Of 122 MRFs built in the United States from 2006-14, 107 were for single-stream recycling, Pulley said.

Cost is also a critical issue at the moment, with prices in recycling markets low. Saratoga County got out of the recycling business because it was losing about $500,000 per year with separated recycling, thanks to the costs of trucking to multiple markets. The economics of recycling are precarious even for private operators.

Currently, the price for what leaves the Albany facility, averaging out low-value plastic and high-value aluminum, is about $100 per ton.

“Right now, one of the struggles is that prices for recycling are at or near historic lows. A lot of recyclers are struggling,” Kurtz said.

U.S. prices are being impacted by the slowdown of the Chinese economy, since China is such a large purchaser of U.S. paper and metal.

“We’re pretty directly impacted by the global economy,” Kurtz said.

From Albany, the bails of paper are getting delivered to ports in New Jersey, from which they are shipped to China.

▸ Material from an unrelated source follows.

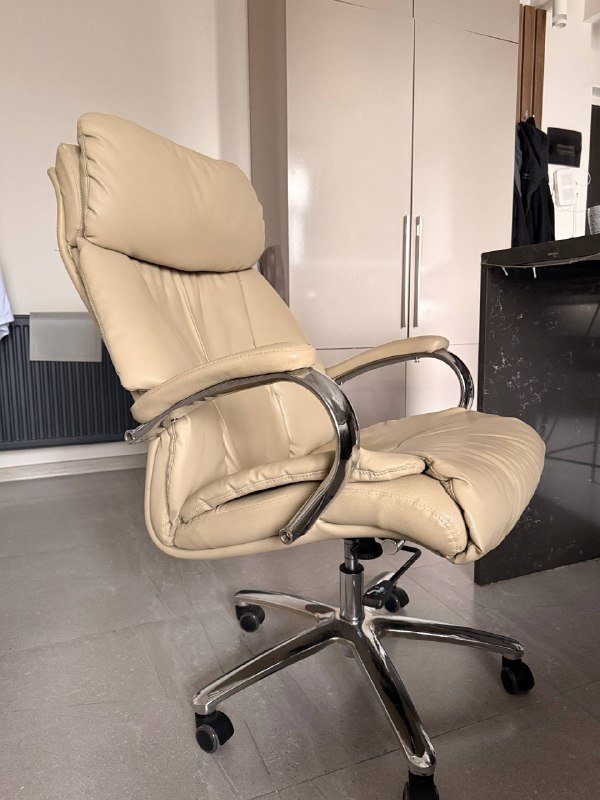 Офисное кресло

The cardboard goes to two paper mills in other parts of New York state, while the markets for bailed plastics are generally in North America, Kurtz said.

The County Waste MRF processes 400 to 500 tons of materials per day, or 12,000 tons per month. It comes not just from County Waste’s commercial collection routes in the Capital Region, but also from municipalities and other waste-hauling companies as far away as Vermont and Massachusetts. Bulk plastic items like lawn chairs and laundry baskets that come from the Wal-Mart returns center in Johnstown are also sent there for processing and are among the most valuable plastics.

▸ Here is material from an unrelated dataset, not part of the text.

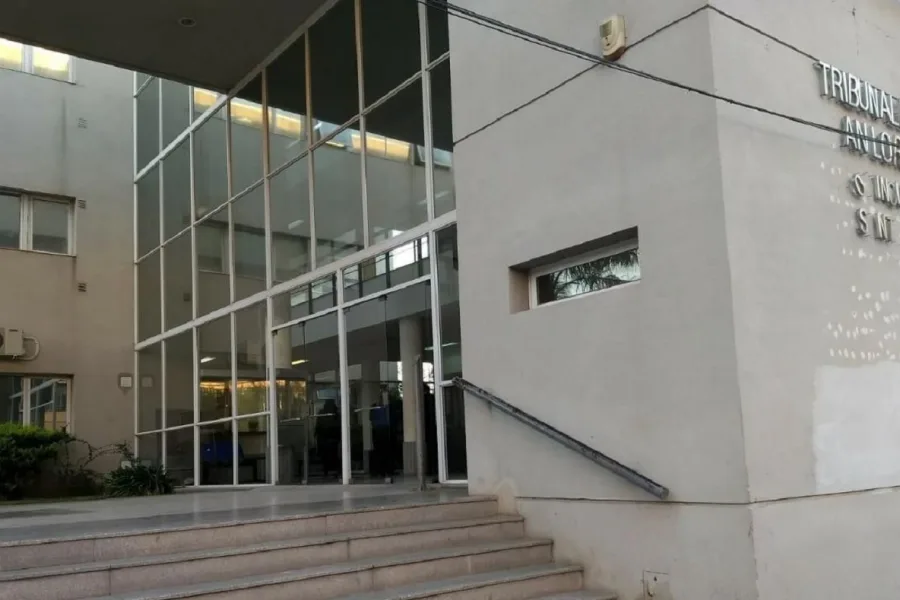 Un error judicial permitió la liberación de un acusado de abusar de sus dos hijas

Typically, the commercial waste-hauler’s truck that stops outside a home is taking its load to a transfer station, where the recyclables are loaded into the 100-yard containers to be brought to Albany. The center is open five days a week, eight hours a day, though there are times when it runs 10- and 12-hour days.

“Recycling really runs with the economy,” Kurtz said. “Our heaviest times of year are around the holidays, when packaging either has to get thrown away or recycled. And then in summer, the number of beverage containers goes way up.”

In addition to the seasonally fluctuating flow of plastic jugs and cardboard, the MRF gets a lot of things that can’t be recycled, and makes you wonder what people were thinking. Animal carcasses aren’t unheard of, and neither are diapers. Garden hoses and old clothing can get wrapped up in machinery and have to be picked off by hand. Things like lawn mower blades can get through and end up severing a belt.

The rule of thumb is that anything too big to fit comfortably in a curbside recycling container shouldn’t be left out. Big bulk metal items like old refrigerators have been separated out earlier, and taken directly to scrap metal dealers.

Here’s what happens:

Each morning, the mountain of mixed material on the sorting room floor can be up to 25 feet high. The separation process starts when a front-end loader scoops loads of the household discards into a metering bin to start its journey. Often, there’s a gunshot-like pop when it drives over and crushes a plastic bottle.

A rotating wheel inside the bin deposits the material at an even rate onto a conveyor belt, and four workers wearing dust masks quickly pull out any immediately visible contaminants.

A screen system then takes the paper and cardboard, allowing heavier materials like metal cans to fall into a container below.

A magnet pulls metal cans from the plastic, while a rotating magnet repels the aluminum into a separate bin. An optical scanner separates different kinds of plastic. A jet of air blows detergent jugs, milk jugs and soda bottles off the belt, though it then requires a couple of highly trained workers who can separate them into different bins, each working as quickly as 80 items per minute. The workers get a break every two hours.

The two recycling lines converge at the center of the plant, where the separated materials are baled and the bales are then stacked until they can be loaded onto trucks for shipment.

“We knock the pile back and build it up every single day,” Kurtz said.

County Waste, which began in Clifton Park 30 years ago and grew into the Capital Region’s largest private waste hauler, was acquired in 2011 by Waste Connections, a publicly traded Texas company that operates waste disposal and recycling systems nationwide.